* SOURCE DATA

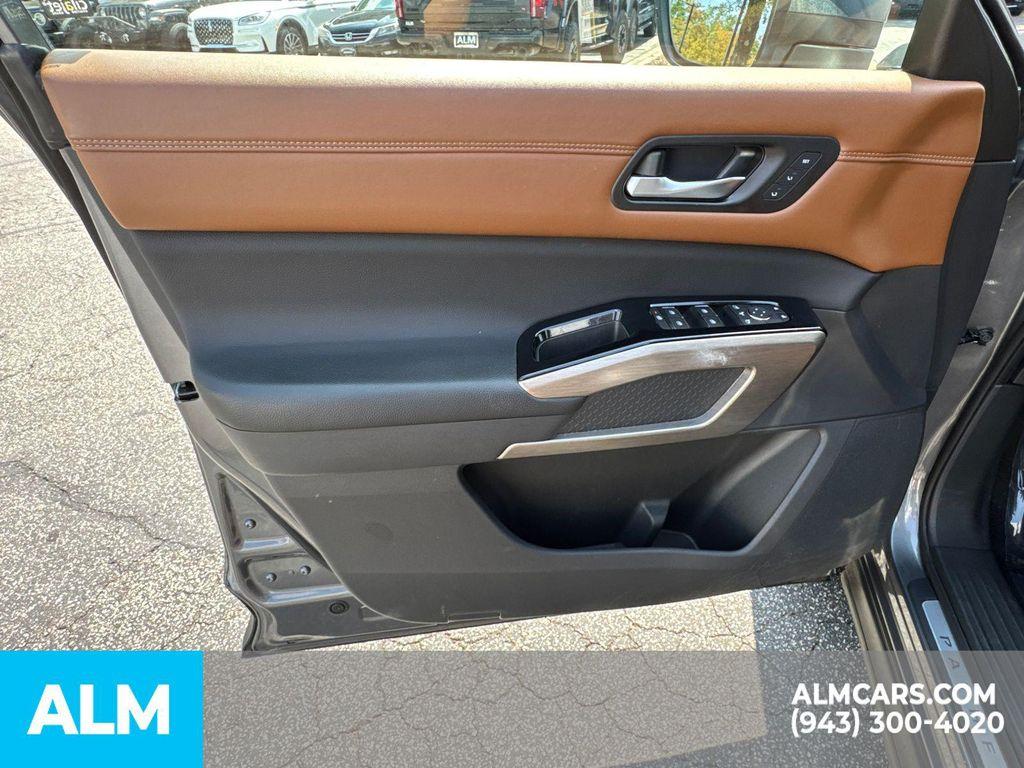 used 2023 Nissan Pathfinder car, priced at $33,720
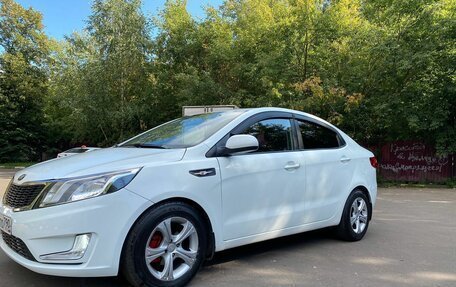 KIA Rio III рестайлинг, 2012 год, 550 000 рублей, 4 фотография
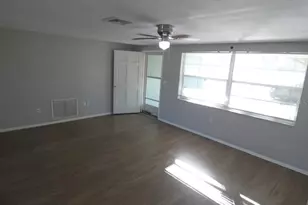 11812 Alpine Pkwy, Port Richey, FL 34668 - Photo 4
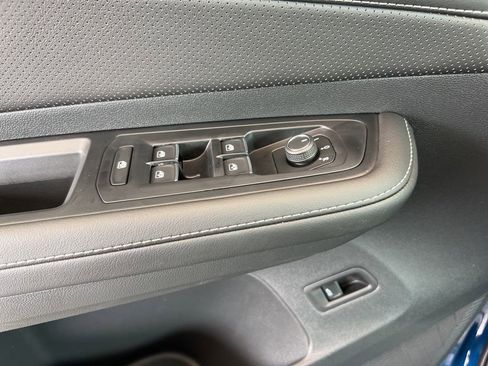 New 2026 Volkswagen Atlas SE image 35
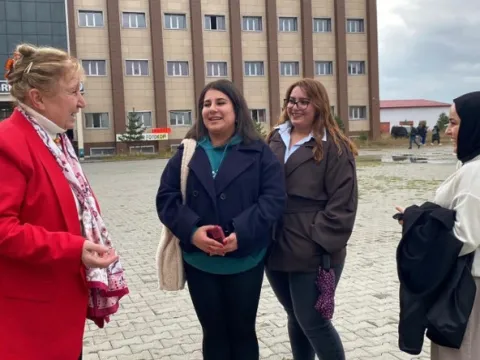 69 yaşında onur belgesiyle mezun oldu, 71 yaşında yüksek lisansa başladı - fotoğraf 4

* EXERCISE BRIEF
Give back all the data exactly, minus pictures.

* SOLUTION TO THE PROBLEM
 used 2023 Nissan Pathfinder car, priced at $33,720
 KIA Rio III рестайлинг, 2012 год, 550 000 рублей, 4 фотография
 11812 Alpine Pkwy, Port Richey, FL 34668 - Photo 4
 New 2026 Volkswagen Atlas SE image 35
 69 yaşında onur belgesiyle mezun oldu, 71 yaşında yüksek lisansa başladı - fotoğraf 4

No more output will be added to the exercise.